▶ **Exercise**
Among the entries below, the lines from the one with "Used Nio ET5T 2024 75kWh Touring Trunk" up to and including the one with "Somebody Stop the Pope Chapter 46 Gambar 3" are to be restated exactly, without pictures.

▶ **Provided information**
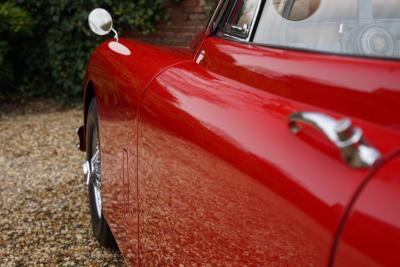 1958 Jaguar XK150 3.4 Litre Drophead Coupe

--

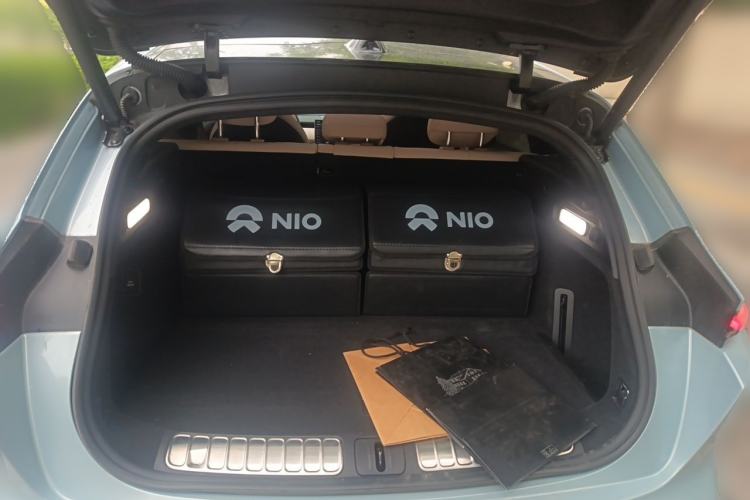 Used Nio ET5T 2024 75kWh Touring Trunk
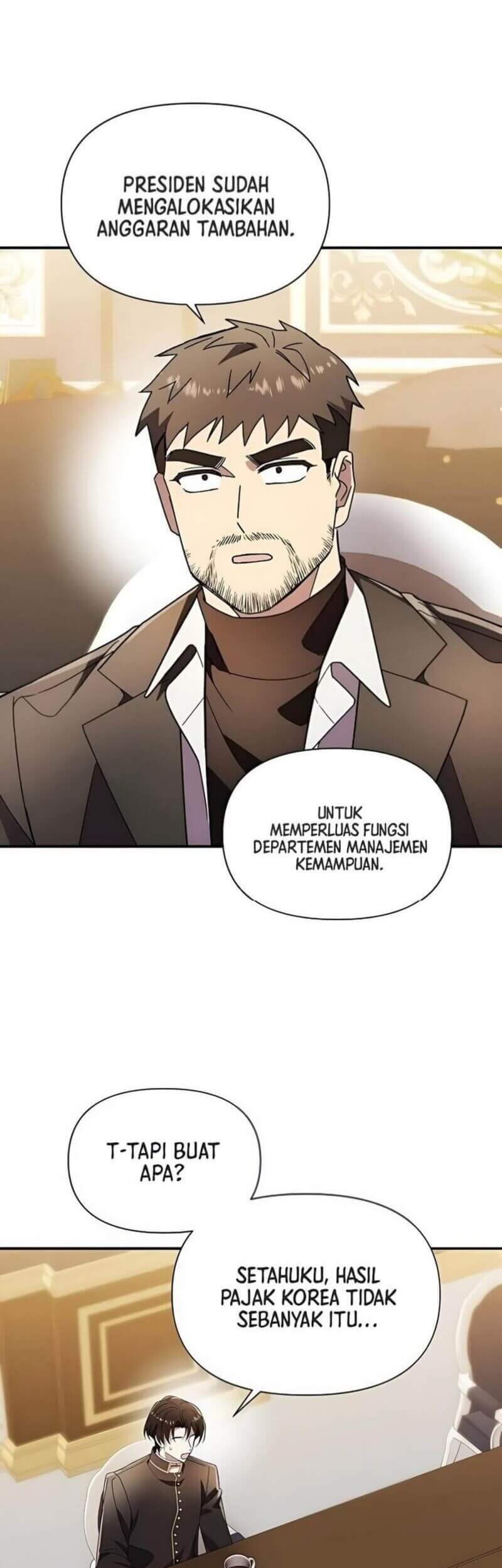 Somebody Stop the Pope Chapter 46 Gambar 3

▶ **Output of the exercise**
 Used Nio ET5T 2024 75kWh Touring Trunk
 Somebody Stop the Pope Chapter 46 Gambar 3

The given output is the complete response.